2.) How do I properly write an if or switch case statement to deal with importing a single or multiple data files when the resulting workspace object is either a character array for a single file or a cell array for multiple files?

Background:

Currently using Matlab R2014b. I'm trying to write a script to select which data files, import / load the data, and place the data into a matrix or array or struct or whatever is most useful and appropriate for signal analysis, processing, and plotting afterward.

My data files are an export from a data acquisition tool (ATI VISION). The generated .mat file creates one cell array and one matrix. The cell array contains the text names of the data channels. This is n x 1 in size, where n is the number of channels exported. The matrix contains the numerical data and is m x n in size, where n is again the number of exported data channels and m is the number of samples.

The cell array of names has nearly zero consistency in the organization of the names (not alphabetical, not any order representing a channel number in the recording tool). The only consistency is that the nth row in the cell array shows no name "[]" but is always the "time" channel, and this always corresponds to column 1 in the data matrix. I've attached two mat files for reference. You can see in one file the first three rows are 'AngleSlipPoint2', 'AngleSlipPoint1', and 'AngleSlip', but in the other file the first three rows are 'PosLon', 'FRSpeed', and 'AccActPos'. I know my script can't be as easy as always accessing column 2 for x data and column 6 for y data. I need to search the cell array to link a name to a column in each individual data file.

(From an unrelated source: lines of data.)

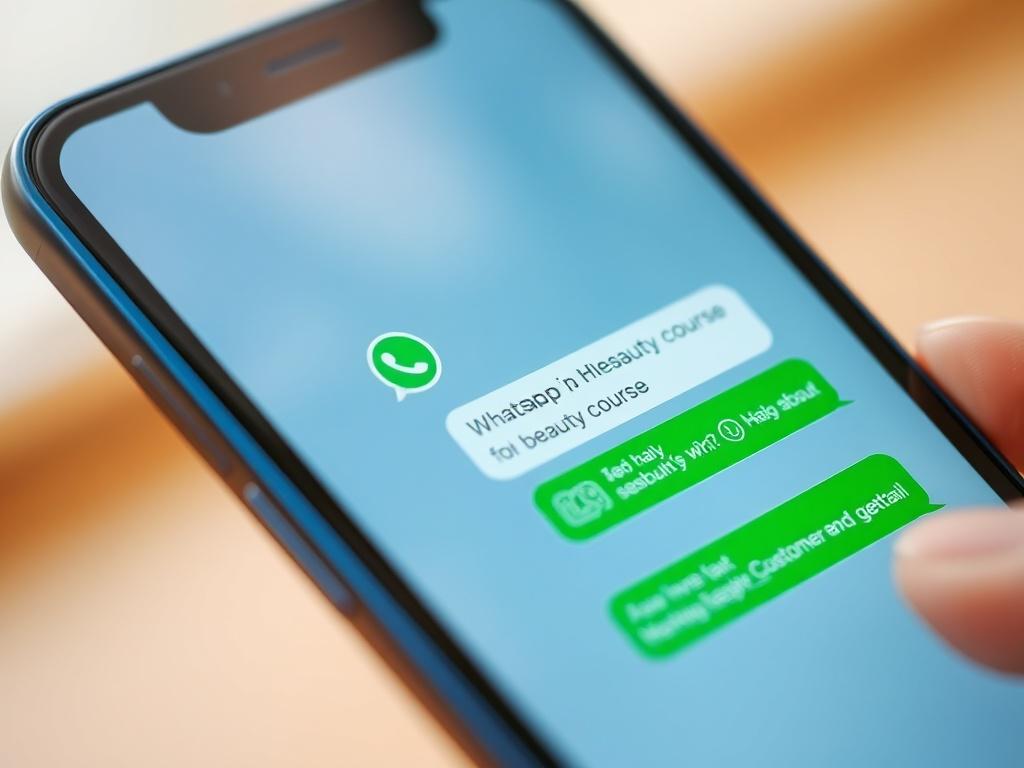 A close-up shot of a WhatsApp chat interface on a smartphone screen, displaying an active conversation about a beauty course. The background should be bright and engaging, emphasizing quick communication and customer service.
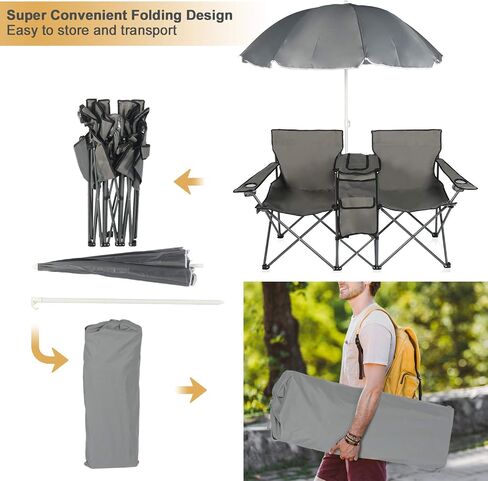 Folding Double Camping Chair with Umbrella Portable Picnic Chair | Loveseat Camping Chair for Outdoor, with 2 Cup Holders & Cooler Bag, with Side Pocket & Carry Bag, 61"L x 22"W x 70"H, Grey in Saudi Arabia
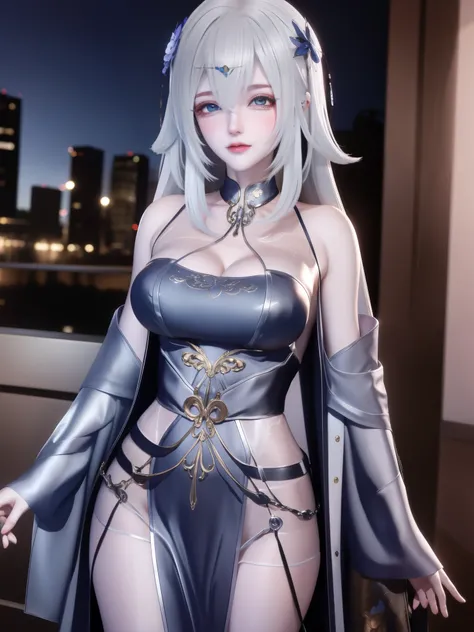 1girl,cityscape, night, looking at viewer, mature female, ishierDDDi,cowboy shot, white hair,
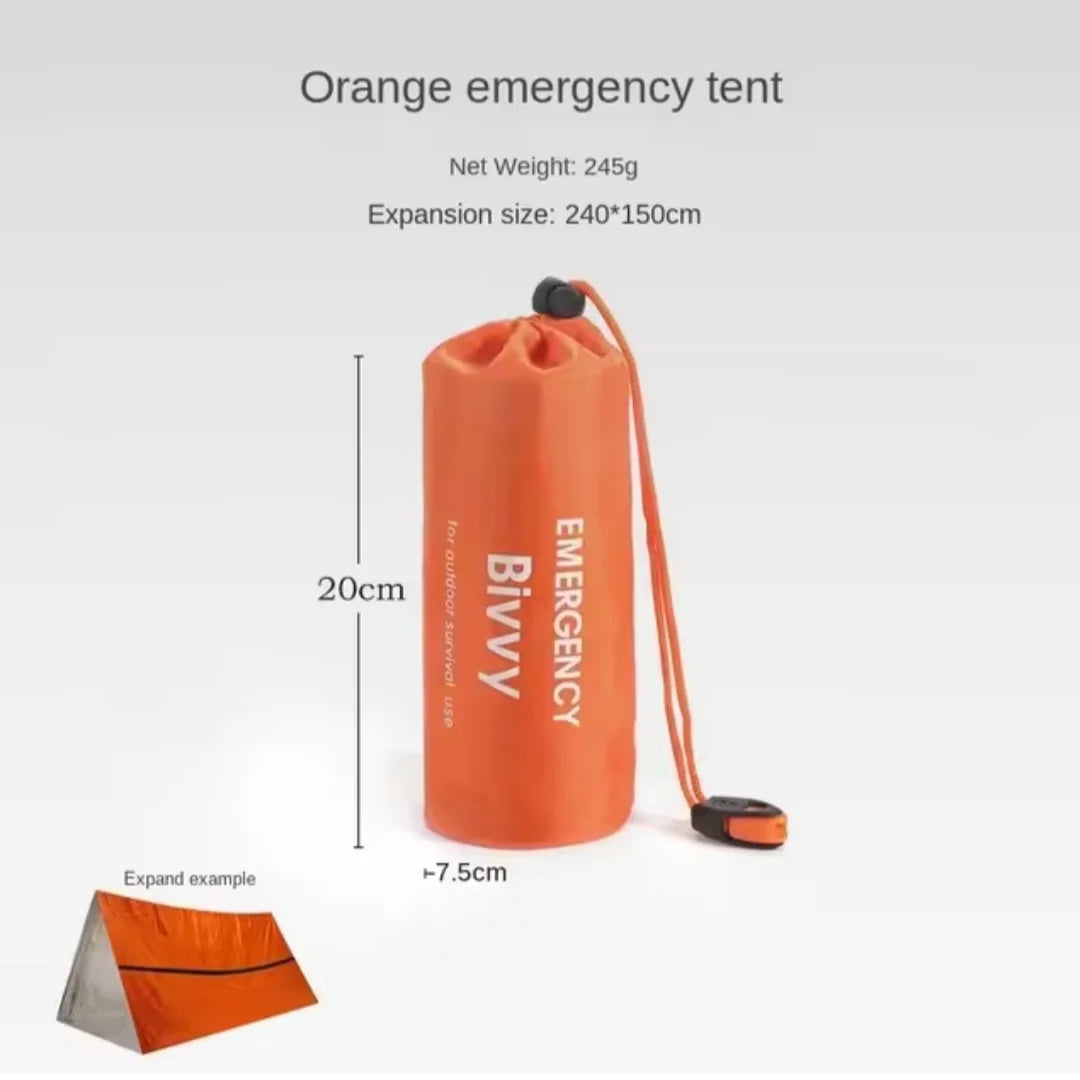 2-Person Mylar Tube Tent – Reusable Emergency Bivy Shelter & Thermal Blanket | 1 PC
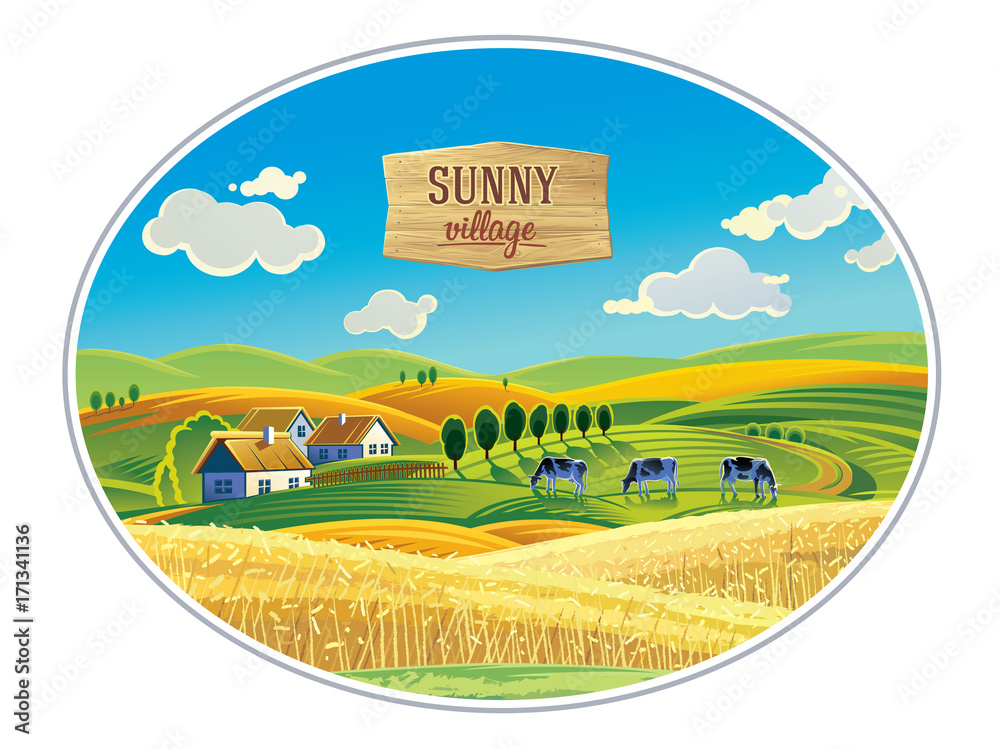 框架中的乡村景观，用于创建标签或商标的图形设计元素。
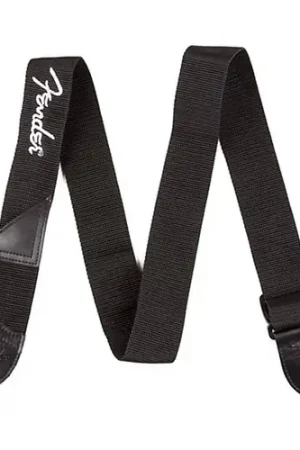 099-0662-080 2" Black Poly Guitar Strap White Fender Logo : Fender Must Have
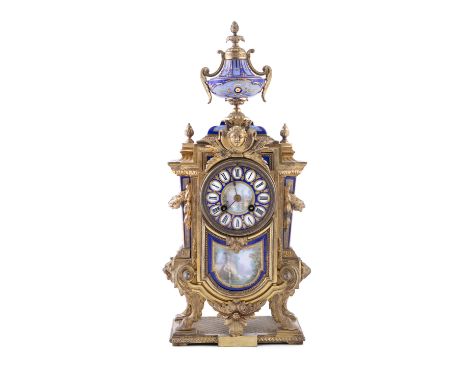 A FRENCH GILT METAL AND ORMOLU MOUNTED MANTLE CLOCK, 19th century, of classical design, surmounted with a blue ground porcela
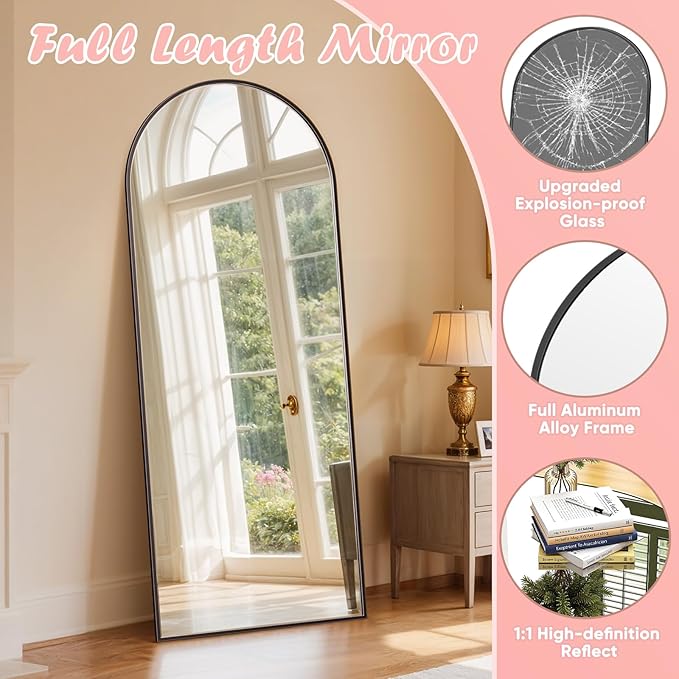 Full Length Mirror, 58" x 18.5" Arched Full Body Mirror Large Standing Floor Mirrors, Mirrors for Bedroom, Bathroom, Living Room Standing or Wall Leaning, Black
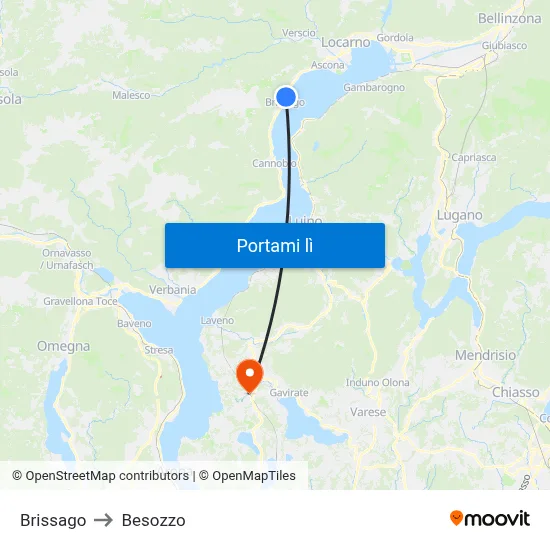 Brissago to Besozzo map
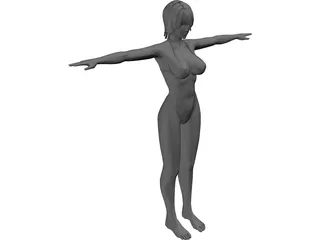 Beautiful Young Bikini Girl 3D Model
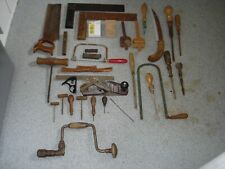 JOB LOT OLD VINTAGE WOODWORK CARPENTRY TOOLS SAWS PLANE SQUARES BRACE 31 ITEMS picture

In the two weeks that I've now been teaching myself how to write scripts and analyze data with Matlab I've apparently learned to do things the ill-advised way. The first obstacle I tried to address was aligning the data name in the cell array with the appropriate column in the data matrix. Because the cell array appears to be an array of text and not characters or strings I could find no other way to pull out the names, link them to data, and generate a variable than to use the frequently unrecommended eval function.

%% Extract Data
uiload
NumVars = numel(Data_Labels); % Establish number of variables to be created.
Time = Data(:,1); % Time values are always the first column of the Data matrix, so it's easy to define and create.
for k = 1:NumVars-1 % Time already created and exists as final channel, so we only need to generate variables for the remaining n-1 variables.
    eval([Data_Labels{k},'=[Data(:,k+1)]']); % Extract variable names and populate with data in workspace.
end

This worked for a single data file as it gets me a workspace full of variables and correctly populates them with the numerical data. I can integrate, derive, filter, and plot whatever I want. It fails miserably as soon as I attempt to load a second file as the next import will overwrite everything created from the first file. Hard to compare longitudinal acceleration in 2wd and 4wd when the newest import overwrites the old, and it's understandably stupid to write the script to append a 1/2/3 to the end of the name so I can have multiple instances in the workspace.

This is what I've come up with for importing multiple files. Still using the two attached files as my test files for writing the script.

%% Select files for 2WD analysis
[selected2wdFiles,pathName2wd] = uigetfile('*.mat','Select 2WD data files for analysis','MultiSelect','on');
if isequal(selected2wdFiles, 0)
   disp('No Files Selected')
   return;
end
for m = 1:length(selected2wdFiles)
  data2wd(m) = load(fullfile(pathName2wd, selected2wdFiles{m}));
end
%% Select files for 4WD analysis
[selected4wdFiles,pathName4wd] = uigetfile('*.mat','Select 4WD data files for analysis','MultiSelect','on');
if isequal(selected4wdFiles, 0)
   disp('No Files Selected')
   return;
end
for n = 1:length(selected4wdFiles)
  data4wd(n) = load(fullfile(pathName4wd, selected4wdFiles{n}));
end

This generates two structs, data2wd and data4wd, which contain the loaded cell arrays and data matrices. Unfortunately this script only works if I am selecting multiple files. If I only select one file it fails because the resulting item is a character array instead of a cell array. I haven't tried to script around that, but I suppose a switch case or if statement should work. Question #2 above...any suggestions?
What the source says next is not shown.